┌────────
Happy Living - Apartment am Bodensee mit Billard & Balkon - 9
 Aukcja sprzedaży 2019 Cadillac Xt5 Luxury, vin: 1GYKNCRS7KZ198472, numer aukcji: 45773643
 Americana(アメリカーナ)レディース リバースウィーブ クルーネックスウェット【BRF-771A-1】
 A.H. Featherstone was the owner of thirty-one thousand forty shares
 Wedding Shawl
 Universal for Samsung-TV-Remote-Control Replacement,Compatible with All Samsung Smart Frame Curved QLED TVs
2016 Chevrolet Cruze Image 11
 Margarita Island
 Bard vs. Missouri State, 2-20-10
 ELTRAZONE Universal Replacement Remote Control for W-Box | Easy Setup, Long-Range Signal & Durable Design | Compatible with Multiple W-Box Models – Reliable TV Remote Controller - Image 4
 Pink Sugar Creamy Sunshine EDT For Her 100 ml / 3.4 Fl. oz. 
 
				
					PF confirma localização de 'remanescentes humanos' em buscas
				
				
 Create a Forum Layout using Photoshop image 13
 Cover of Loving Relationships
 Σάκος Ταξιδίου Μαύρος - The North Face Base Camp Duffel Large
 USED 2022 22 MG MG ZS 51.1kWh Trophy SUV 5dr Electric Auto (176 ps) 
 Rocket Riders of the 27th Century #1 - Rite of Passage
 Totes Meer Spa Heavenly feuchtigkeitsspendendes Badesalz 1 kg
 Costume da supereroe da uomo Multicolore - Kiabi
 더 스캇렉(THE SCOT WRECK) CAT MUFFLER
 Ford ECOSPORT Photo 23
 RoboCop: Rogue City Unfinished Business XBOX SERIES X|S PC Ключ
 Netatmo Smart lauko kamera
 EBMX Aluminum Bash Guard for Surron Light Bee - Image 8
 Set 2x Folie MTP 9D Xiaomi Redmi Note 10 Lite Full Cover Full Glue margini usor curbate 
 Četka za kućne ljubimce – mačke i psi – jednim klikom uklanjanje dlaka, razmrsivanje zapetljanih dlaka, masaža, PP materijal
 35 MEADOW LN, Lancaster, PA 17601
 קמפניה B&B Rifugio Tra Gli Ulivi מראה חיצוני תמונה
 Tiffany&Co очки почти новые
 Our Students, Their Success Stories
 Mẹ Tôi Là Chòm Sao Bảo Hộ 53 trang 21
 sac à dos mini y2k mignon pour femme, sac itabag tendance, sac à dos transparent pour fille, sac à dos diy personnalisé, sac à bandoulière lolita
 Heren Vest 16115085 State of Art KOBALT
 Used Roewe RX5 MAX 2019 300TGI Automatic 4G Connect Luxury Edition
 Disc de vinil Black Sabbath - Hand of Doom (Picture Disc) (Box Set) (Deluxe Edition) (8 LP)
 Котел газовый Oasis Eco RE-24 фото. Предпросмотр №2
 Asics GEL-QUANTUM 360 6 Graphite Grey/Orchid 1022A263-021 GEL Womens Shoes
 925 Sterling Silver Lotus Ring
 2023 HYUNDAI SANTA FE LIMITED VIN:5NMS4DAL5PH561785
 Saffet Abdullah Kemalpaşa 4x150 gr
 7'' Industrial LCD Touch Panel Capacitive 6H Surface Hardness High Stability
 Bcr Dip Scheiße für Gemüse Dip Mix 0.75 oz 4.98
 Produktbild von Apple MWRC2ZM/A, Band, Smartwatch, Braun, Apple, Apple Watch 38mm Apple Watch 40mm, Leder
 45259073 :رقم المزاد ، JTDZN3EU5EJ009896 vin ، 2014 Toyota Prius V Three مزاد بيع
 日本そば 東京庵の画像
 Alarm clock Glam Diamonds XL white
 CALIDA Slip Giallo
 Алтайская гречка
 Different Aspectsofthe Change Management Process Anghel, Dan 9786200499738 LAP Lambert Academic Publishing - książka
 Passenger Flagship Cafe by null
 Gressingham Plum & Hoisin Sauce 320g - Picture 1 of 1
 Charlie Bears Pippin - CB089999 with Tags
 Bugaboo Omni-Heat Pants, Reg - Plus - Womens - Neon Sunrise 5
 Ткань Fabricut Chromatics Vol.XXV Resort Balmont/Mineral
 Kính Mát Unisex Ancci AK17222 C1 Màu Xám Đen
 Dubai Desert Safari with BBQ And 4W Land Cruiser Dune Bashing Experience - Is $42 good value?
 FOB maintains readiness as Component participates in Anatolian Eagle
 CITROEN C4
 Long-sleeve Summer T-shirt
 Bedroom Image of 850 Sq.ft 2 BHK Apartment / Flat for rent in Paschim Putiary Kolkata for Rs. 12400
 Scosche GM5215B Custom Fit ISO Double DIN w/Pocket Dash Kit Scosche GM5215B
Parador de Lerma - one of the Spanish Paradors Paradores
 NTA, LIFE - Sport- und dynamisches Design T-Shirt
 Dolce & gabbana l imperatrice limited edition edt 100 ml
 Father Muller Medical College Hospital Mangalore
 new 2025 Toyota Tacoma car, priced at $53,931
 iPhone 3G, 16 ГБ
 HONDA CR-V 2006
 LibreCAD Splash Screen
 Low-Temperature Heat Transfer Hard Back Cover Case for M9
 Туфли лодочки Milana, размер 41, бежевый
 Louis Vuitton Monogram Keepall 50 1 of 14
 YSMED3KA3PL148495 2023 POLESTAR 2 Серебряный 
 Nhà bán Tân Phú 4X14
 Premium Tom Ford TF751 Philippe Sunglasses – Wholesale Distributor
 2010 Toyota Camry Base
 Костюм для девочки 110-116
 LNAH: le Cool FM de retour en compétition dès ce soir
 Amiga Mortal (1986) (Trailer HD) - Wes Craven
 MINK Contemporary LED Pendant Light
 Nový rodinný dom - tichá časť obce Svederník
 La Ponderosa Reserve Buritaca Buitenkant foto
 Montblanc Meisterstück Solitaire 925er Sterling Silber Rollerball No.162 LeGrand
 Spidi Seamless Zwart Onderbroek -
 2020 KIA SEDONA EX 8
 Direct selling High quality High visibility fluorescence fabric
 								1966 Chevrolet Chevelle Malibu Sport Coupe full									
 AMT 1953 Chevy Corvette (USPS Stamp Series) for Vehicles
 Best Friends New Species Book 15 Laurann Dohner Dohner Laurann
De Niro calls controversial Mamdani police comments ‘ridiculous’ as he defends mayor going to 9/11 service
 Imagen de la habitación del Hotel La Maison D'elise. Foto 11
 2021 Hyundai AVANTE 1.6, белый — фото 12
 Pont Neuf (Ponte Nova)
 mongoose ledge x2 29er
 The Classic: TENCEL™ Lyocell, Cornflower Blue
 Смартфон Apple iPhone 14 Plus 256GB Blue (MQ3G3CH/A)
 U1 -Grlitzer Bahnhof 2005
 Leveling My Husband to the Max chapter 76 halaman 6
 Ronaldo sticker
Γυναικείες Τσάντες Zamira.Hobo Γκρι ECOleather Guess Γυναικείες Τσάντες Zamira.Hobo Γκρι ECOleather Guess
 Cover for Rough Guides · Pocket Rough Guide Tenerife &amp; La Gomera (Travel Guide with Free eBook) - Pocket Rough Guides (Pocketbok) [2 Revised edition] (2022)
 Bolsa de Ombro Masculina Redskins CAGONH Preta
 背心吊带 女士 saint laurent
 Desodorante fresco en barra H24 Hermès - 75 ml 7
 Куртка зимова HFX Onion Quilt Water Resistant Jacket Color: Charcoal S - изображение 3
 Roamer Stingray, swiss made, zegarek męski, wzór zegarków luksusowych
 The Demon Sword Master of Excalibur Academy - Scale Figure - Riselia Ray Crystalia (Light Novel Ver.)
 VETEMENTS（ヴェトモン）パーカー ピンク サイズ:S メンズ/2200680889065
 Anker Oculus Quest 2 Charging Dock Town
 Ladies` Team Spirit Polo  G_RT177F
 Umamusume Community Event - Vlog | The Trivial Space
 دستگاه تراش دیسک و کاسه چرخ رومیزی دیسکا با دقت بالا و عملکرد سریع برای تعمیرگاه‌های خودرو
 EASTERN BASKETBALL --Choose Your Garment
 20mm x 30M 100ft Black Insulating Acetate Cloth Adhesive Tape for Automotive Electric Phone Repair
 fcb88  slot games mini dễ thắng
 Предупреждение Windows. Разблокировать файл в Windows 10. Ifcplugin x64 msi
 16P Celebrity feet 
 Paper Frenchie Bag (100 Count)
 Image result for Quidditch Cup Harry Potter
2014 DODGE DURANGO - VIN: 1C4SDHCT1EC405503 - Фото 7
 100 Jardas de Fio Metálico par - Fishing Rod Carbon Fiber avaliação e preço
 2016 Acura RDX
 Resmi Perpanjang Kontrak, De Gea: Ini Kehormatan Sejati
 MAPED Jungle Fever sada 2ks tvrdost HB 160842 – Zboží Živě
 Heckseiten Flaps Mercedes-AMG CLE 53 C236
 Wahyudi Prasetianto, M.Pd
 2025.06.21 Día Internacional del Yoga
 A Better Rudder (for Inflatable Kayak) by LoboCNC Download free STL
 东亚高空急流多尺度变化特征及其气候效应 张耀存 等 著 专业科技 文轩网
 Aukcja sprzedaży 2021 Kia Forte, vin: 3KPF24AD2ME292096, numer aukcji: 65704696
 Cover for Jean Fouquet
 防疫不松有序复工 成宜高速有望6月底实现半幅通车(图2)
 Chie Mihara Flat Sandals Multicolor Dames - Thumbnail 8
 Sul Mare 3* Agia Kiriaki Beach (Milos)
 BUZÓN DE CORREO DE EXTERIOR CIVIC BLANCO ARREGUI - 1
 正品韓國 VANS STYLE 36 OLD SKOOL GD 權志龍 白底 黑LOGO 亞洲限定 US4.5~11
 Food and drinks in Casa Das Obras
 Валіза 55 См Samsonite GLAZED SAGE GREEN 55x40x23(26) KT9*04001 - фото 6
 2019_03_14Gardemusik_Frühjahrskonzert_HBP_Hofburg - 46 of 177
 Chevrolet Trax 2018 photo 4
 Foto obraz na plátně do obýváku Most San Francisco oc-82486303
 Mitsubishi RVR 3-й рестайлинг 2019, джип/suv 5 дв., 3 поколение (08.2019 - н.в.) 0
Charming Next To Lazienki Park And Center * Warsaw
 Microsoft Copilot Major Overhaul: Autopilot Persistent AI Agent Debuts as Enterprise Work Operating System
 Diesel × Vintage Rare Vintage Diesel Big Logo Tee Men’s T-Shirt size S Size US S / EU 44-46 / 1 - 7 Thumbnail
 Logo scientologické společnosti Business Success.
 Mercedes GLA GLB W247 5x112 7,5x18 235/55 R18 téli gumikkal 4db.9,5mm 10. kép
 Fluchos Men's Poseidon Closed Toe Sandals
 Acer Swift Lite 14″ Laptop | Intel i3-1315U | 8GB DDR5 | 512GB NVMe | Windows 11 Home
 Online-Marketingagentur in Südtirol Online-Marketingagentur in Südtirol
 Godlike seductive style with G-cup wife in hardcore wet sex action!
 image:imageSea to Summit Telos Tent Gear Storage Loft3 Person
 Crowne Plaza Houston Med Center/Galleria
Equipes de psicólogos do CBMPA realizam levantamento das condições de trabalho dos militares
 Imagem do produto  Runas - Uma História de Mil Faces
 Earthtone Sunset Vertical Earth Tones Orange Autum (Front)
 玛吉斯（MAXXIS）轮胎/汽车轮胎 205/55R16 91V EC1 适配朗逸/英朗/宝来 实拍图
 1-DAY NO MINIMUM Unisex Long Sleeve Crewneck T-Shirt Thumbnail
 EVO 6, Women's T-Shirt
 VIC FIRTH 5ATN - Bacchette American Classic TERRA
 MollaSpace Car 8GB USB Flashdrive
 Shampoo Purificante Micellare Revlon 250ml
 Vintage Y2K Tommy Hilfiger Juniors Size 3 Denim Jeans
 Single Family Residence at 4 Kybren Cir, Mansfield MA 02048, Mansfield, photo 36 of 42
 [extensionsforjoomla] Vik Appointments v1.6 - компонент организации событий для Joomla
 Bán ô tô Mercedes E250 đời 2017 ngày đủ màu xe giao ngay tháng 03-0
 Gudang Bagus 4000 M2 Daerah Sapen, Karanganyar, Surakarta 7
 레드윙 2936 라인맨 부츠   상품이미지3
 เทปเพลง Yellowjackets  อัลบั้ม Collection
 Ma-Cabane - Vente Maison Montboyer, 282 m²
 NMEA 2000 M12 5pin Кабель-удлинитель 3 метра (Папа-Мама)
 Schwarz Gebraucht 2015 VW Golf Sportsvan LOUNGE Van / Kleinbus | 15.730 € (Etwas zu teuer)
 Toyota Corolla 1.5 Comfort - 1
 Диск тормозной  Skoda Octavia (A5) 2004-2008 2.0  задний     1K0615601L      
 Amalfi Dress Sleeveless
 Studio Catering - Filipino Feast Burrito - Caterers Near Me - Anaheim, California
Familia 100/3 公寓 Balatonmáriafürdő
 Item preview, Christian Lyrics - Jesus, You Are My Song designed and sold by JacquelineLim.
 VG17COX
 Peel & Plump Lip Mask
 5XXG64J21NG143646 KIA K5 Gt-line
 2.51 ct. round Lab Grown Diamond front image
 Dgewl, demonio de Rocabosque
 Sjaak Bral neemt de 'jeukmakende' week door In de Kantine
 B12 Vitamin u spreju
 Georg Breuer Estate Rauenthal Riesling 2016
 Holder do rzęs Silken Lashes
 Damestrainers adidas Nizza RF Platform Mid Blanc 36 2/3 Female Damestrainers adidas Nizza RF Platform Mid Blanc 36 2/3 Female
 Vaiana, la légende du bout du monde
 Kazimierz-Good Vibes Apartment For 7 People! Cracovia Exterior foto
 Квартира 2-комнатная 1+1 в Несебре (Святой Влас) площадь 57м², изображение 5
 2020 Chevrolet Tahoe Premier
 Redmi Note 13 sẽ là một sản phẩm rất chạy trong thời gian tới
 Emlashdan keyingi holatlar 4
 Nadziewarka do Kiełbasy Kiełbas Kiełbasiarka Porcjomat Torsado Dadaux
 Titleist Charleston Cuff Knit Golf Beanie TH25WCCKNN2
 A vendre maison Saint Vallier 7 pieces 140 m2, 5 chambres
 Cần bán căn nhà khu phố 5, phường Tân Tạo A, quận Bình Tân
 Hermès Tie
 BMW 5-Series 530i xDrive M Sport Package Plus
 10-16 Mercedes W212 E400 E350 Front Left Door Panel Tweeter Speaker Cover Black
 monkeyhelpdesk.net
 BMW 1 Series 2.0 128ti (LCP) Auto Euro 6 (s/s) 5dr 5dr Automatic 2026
└────────
If a line in the entries above contains the word "Pocket", copy it.

§ Solution for this exercise:
 Scosche GM5215B Custom Fit ISO Double DIN w/Pocket Dash Kit Scosche GM5215B
 Cover for Rough Guides · Pocket Rough Guide Tenerife &amp; La Gomera (Travel Guide with Free eBook) - Pocket Rough Guides (Pocketbok) [2 Revised edition] (2022)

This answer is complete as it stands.